AIM OF THE EXERCISE: Transcribe only the lines from the one containing "Sonic The Hedgehog: Angel's" through the final line of the entries below, exactly, and exclude the pictures.

* * * * *

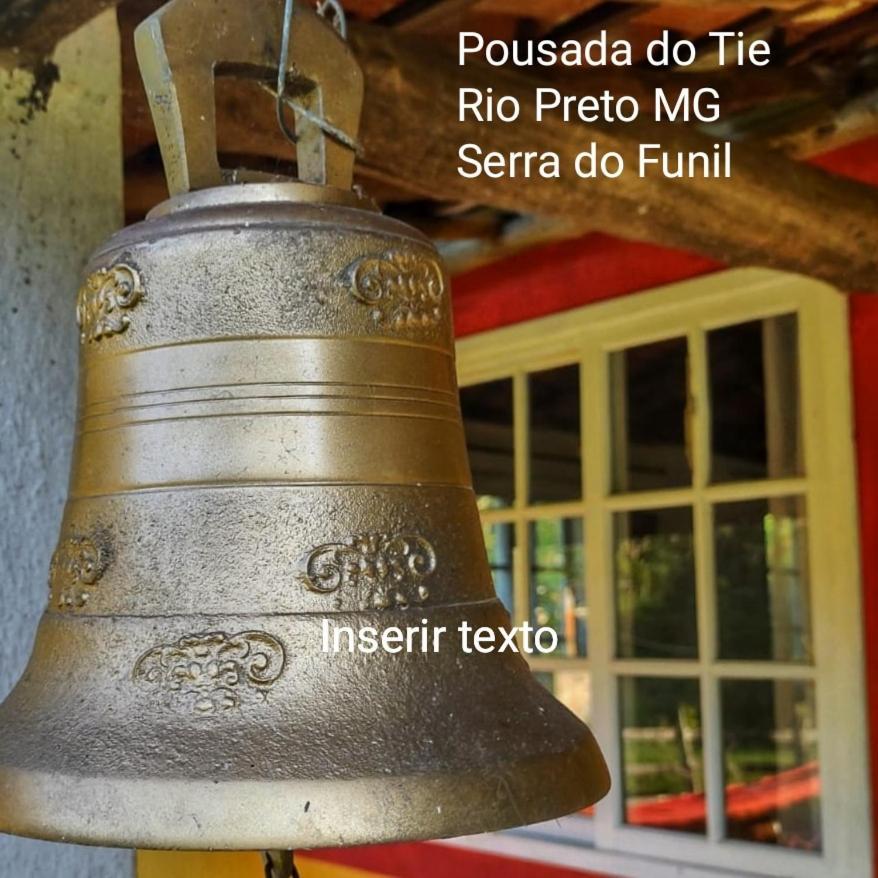Do Tie - Rio Preto Mg *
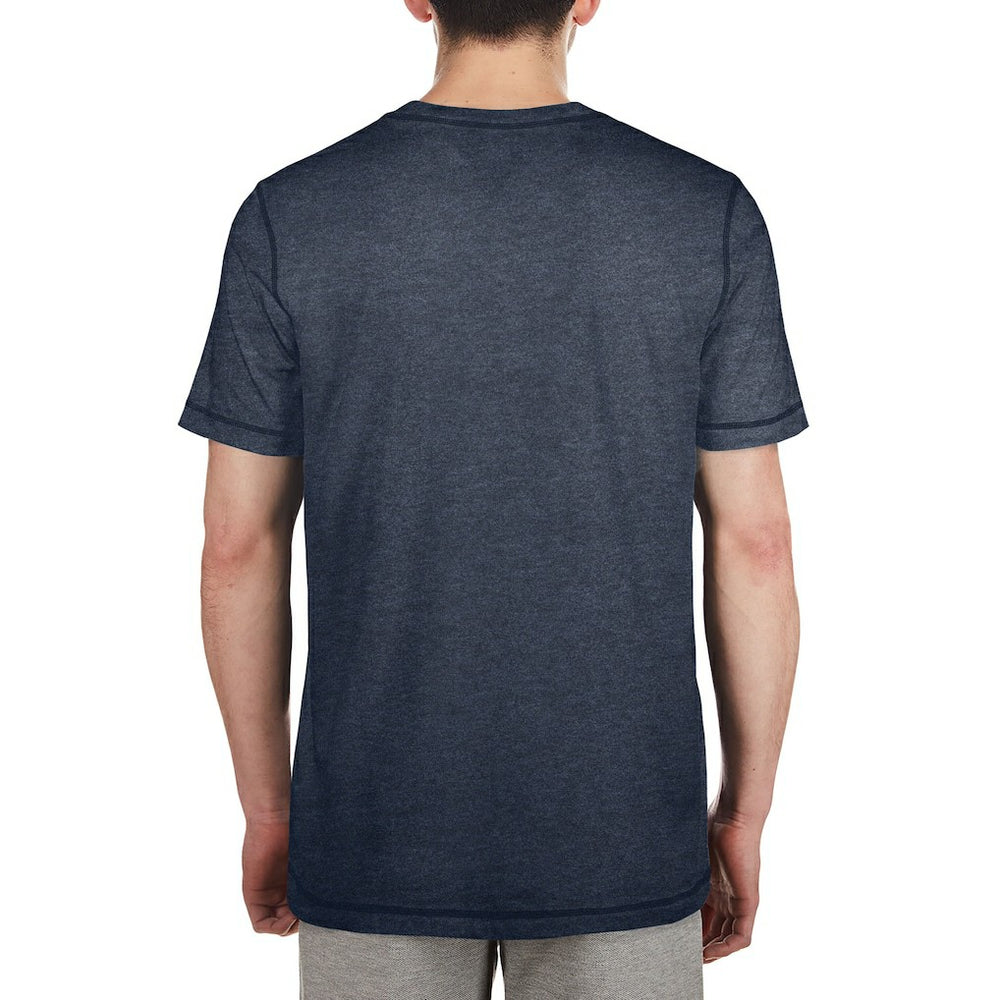 Houston Texans New Era 2024 NFL Training Camp T-Shirt Heather Navy | NFL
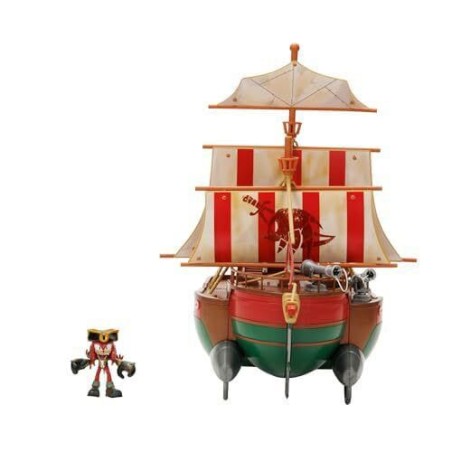 Sonic The Hedgehog: Angel's Voyage Ship Playset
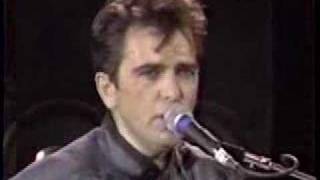 Peter Gabriel Family Snapshot Live 1986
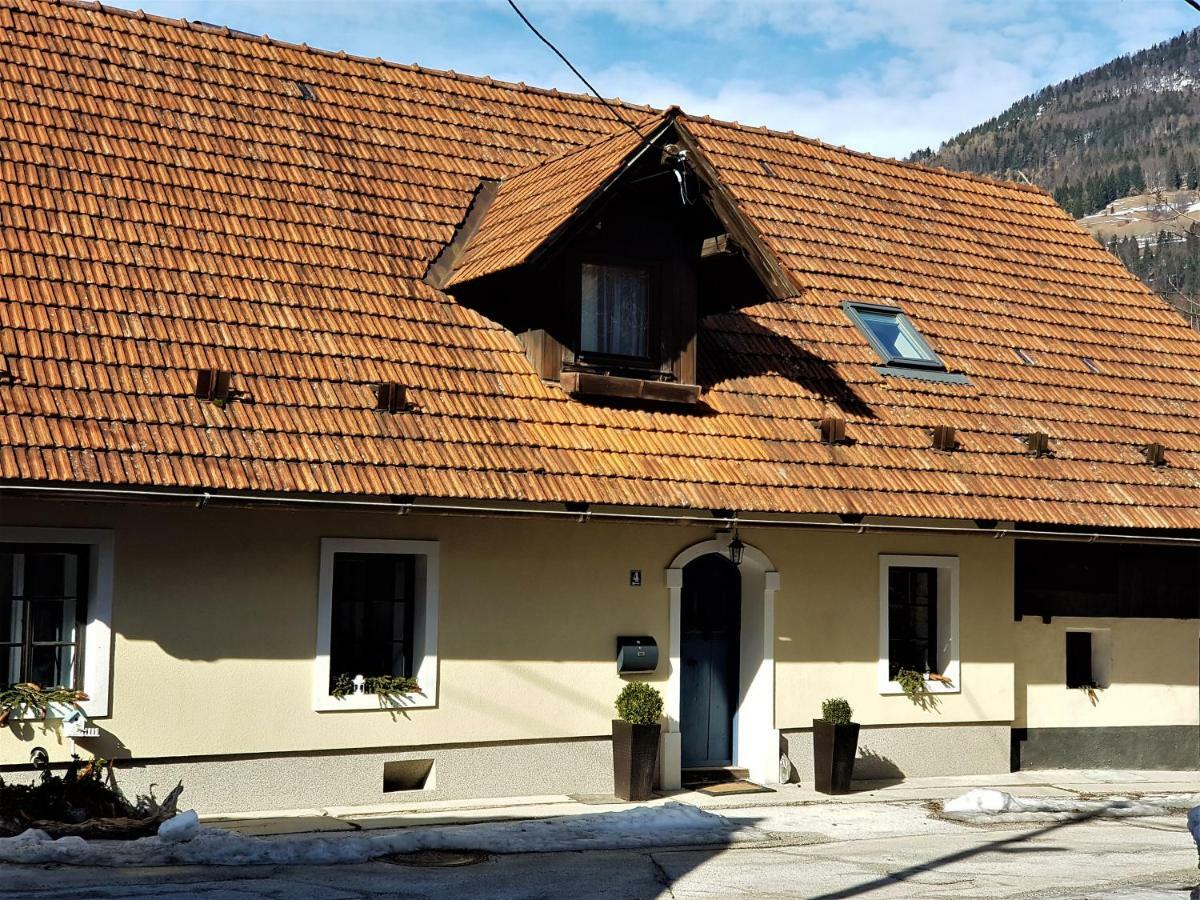 The Oldmillhouse Βίλα Mojstrana Εξωτερικό φωτογραφία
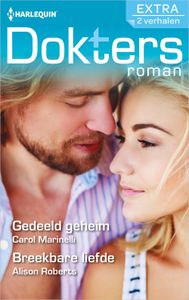 Gedeeld geheim / Breekbare liefde - Alison Roberts, Carol Marinelli - ebook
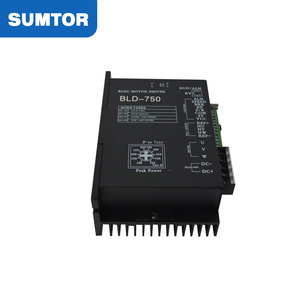 BLD-750 750W 3 단계 무브러시 dc 모터 bldc 운전사 주식에 있는 저잡음 그리고 높은 토크 - Product Image 3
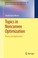 Cover of: Topics In Nonconvex Optimization Theory And Applications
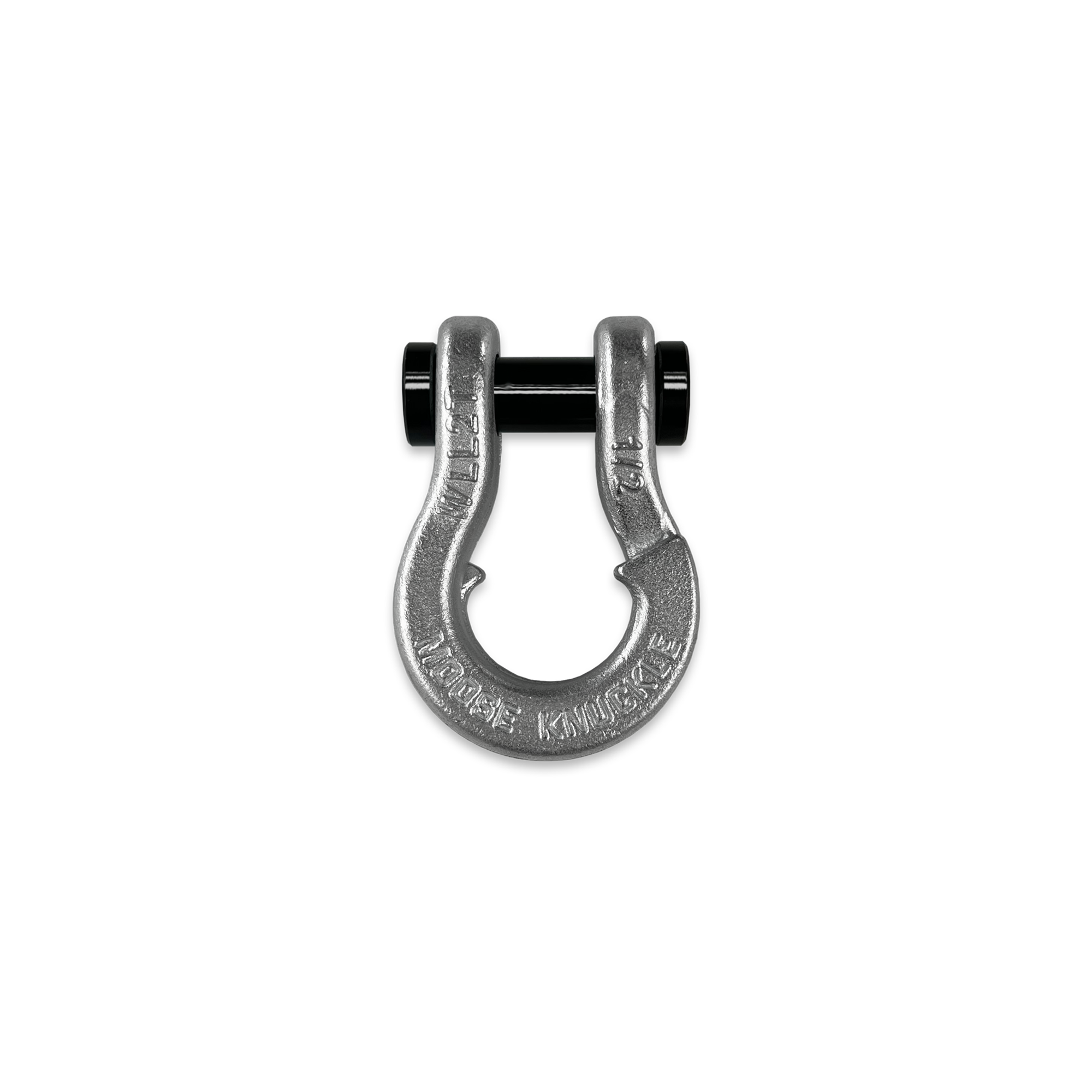 Photo of Jowl SxS Recovery Split Shackle 1/2 by Forward Notion, LLC - Premium Recovery Gear for UTVs / Side by Sides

* * * * *

TASK RESULT:
 Sonic The Hedgehog: Angel's Voyage Ship Playset
 Peter Gabriel Family Snapshot Live 1986
 The Oldmillhouse Βίλα Mojstrana Εξωτερικό φωτογραφία
 Gedeeld geheim / Breekbare liefde - Alison Roberts, Carol Marinelli - ebook
 BLD-750 750W 3 단계 무브러시 dc 모터 bldc 운전사 주식에 있는 저잡음 그리고 높은 토크 - Product Image 3
 Cover of: Topics In Nonconvex Optimization Theory And Applications
 Photo of Jowl SxS Recovery Split Shackle 1/2 by Forward Notion, LLC - Premium Recovery Gear for UTVs / Side by Sides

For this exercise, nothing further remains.